“No dessert. Your dinner was great. I’ll have some of that coffee, though.”
Maggie rose. “I’ll bring it to the living room. Please let me do a few things in here…I won’t be a minute…then I’ll join you.”
Josh got up. She was suddenly nervous as a cat. Because of what she’d said about not being able to imagine things she hadn’t experienced? What was that supposed to mean?
But he really had no wish to keep her strung out, so he nodded and walked from the kitchen. “The bathroom?” he called.
“Down the hall. On the right,” Maggie called back. She put her forehead against the refrigerator and wished the floor would open up and swallow her. She’d given away enough information tonight for a half-wit to figure her out, and Josh Benton was no half-wit. Was it because her tongue and privacy inhibitions had loosened from the wine she’d drunk, or would she have found a way to make a fool of herself without ingesting a drop of alcohol?
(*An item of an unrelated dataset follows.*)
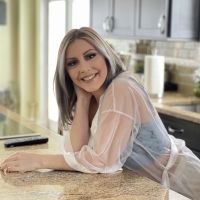 Morgan Mowinski Releases New Video “Break The News”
Maggie forced herself to put away the leftover food, then quickly cleared the table by putting the dishes in the sink. She would deal with them later, after she got rid of Josh. It was strange how her priorities had changed. She’d wanted him in her home badly enough to lie about it, and now she could hardly wait for the moment when he would say “Thanks for dinner and good night,” or something to that effect.
She filled two cups with coffee, put them on saucers on a small tray and went into the living room. Josh was again using the sofa, and when he saw the tray he shoved things aside on the coffee table to make room for it. Maggie set it down and stood to go to a chair, but he caught her by the arm.
“Sit here, by me,” he said quietly.
Her heart nearly burst through her chest wall. “I…I think I, uh, might have given you the wrong, uh, impression during our dinner conversation,” she stammered.
“You gave me the impression you wanted me to have. Sit down, Maggie. I won’t lie and tell you I don’t want you, because I do, and I’m sure I don’t have to spell out in what context. But no woman’s ever been in danger of having her principles compromised by me. One word is all I ever need to hear, one little word. It’s no, Maggie. Say it once and everything stops. Do you follow me?”
“You have assumed far too much from some of the silly things I said because I was half-tipsy throughout dinner.”
Josh frowned. “That sounded like a no right out of the starting gate. Was it?”
Maggie gulped. Yes or no? This was the moment of truth. The awful truth, actually. She didn’t want Josh to know she was still a virgin!
“It was a no,” she said in a shaky whisper.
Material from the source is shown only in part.